I stood up. I wiped my hands on
my apron.
"I'm AWOL," Pogue muttered, his mouth barely moving.
It's kind of amazing that I didn't question why, that I didn't lose my head. You don't mess with the army, especially not like this. I told Pogue where my house was and sent him off to Jona. His shoes beat against the hollow wooden wharf when he walked away. I knelt down again, my head buzzing. I sawed the gills off the shark.
"Who was that?" Inconnu asked me, dazed.
"Your mother," I said.
About an hour later the shark was cut up and distributed. I went home with one of the fins, a couple of bones for stock, and threw them in the icebox beside the door. I took off my apron and hung it from the roof eaves with the sealskins.

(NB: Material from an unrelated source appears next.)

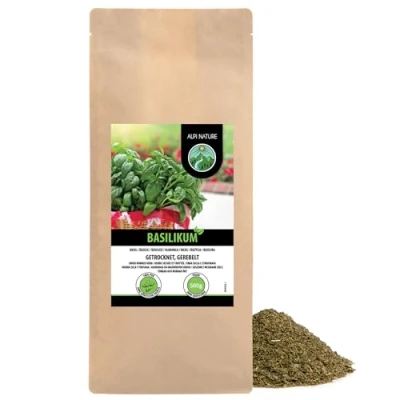 Image of basil grated (500g, 1.1lb), gently dried, 100% pure and natural for the preparation of spice mixtures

I went inside the house and Pogue and Jona were sitting at the kitchen table, talking very low, very quickly. I could tell Jona had gone on one of his cleaning sprees. The walls practically shone when the solitary candlelight bounced off of them.
"Chief, there you are," Pogue said, with a breath of relief.
I knelt and washed my hands at the basin. I dried them on an old rag--I didn't even know if it was clean.
"Chief?" Pogue said.
"Are you nuts?" I said.
I stood up. I felt like I could hit him. More than that I felt scared for him. The army doesn't take kindly to deserters, else there would be a lot more deserters. In the last leg of the war Eisenhower gave out forty-nine death sentences to guys who didn't want to fight. This one guy from the 109th, Slovik, he fought with me in Ardennes, freaked out when we were in the foxholes. About a month later I heard he ran away. The firing squad caught up with him, strapped him to a six-by-six, and gunned him down with eleven different assault rifles.
Pogue bristled. "You haven't heard why I ran away."
"Does it matter?" I returned.
"Orca," Jona said. "You want to hear this."
I sat at the whalebone table. Jona got up and poured us yaupon tea.